On Monday, Commissioner Jourová’s remarks on the state of play of the Safe Harbor negotiations before the EU Committee on Civil Liberties, Justice and Home Affairs heralded the EU-US Privacy Shield which was announced on Tuesday (see our piece on 3 February).
Yesterday saw the reaction of the Article 29 Working Party (WP29), which is comprised of EU Data Protection Authorities, to the Privacy Shield framework proposals. It is premature to view Commissioner Jourová’s remarks and the announcement in the same light as Neville Chamberlain’s “peace for our time” speech in September 1938, but clearly the proposed framework has a long way to go and how robust or sustainable it will be is still an unanswered question.

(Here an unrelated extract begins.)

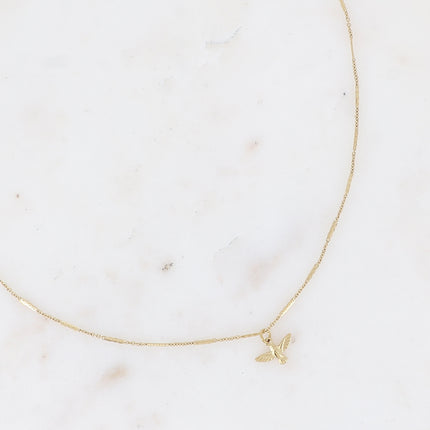 Collier - petit oiseau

In a press statement issued yesterday, WP29 turned the focus to the practices of US Intelligence and their potential for “unjustified interference to the European right to respect for private life and data protection”.

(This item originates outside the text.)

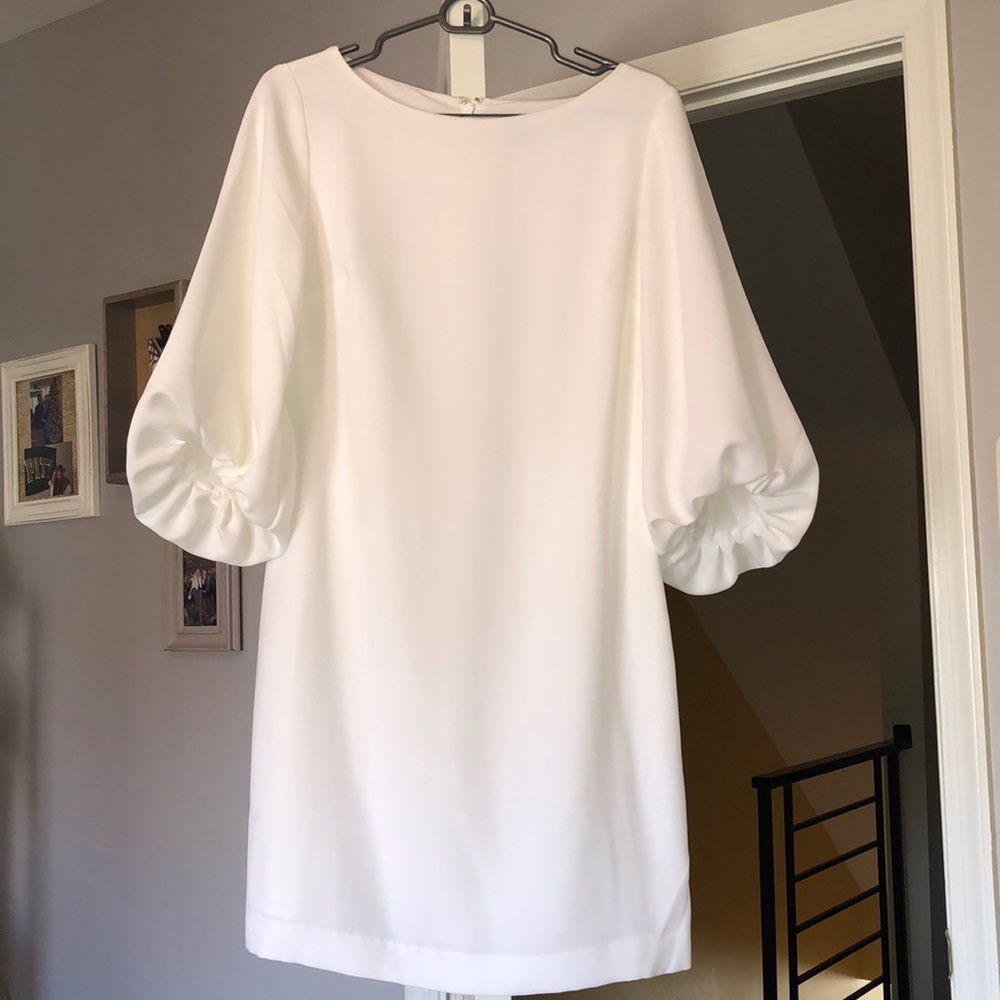 Banana Republic White Dress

WP29 is looking for four essential guarantees for intelligence activities:
- Processing should be based on clear, precise and accessible rules
- The collection and assessment of personal data should be subject to demonstrably legitimate objectives and be necessary and proportionate and be balanced against the rights of the EU citizen
- An impartial and effective independent oversight mechanism with the ability to carry out the necessary checks
- Effective remedies for the EU citizen
WP29 recognised US efforts over the past two years to improve the protection of the data of non-US citizens, but was concerned that the current US legal framework does not meet the guarantees.
So, WP29 is looking to examine the EU-US Privacy Shield in the light of the four guarantees before reaching a view on whether the transfer mechanisms such as EU model clauses and Binding Corporate Rules can still be used for personal data transfers to the USA. We will find out in a month or so.

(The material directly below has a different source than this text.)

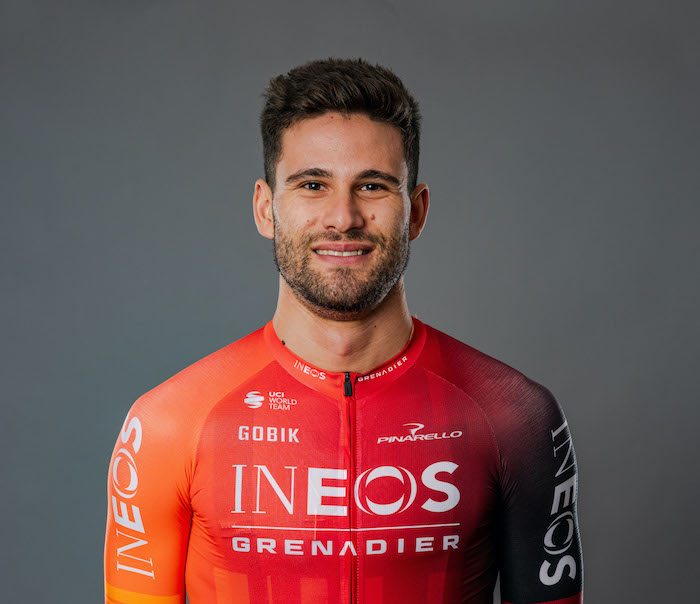 Filippo Ganna non sarà al via dei Campionati Europei in pista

So what does this mean? “Keep calm and carry on” springs to mind. Businesses that transfer data to the USA may now wish to await the outcome, but should in the meantime be examining the circumstances under which that data is exported and the protections currently in place.
Of course, any arrangement with the US will be by letter, rather than binding treaty, so how sustainable will it be following the impending change in the US Administration? That and possible further Schrems-type challenges throw further uncertainty into the mix. What is certain is that the fat lady has not yet entered stage left … We will keep you informed of developments as they happen.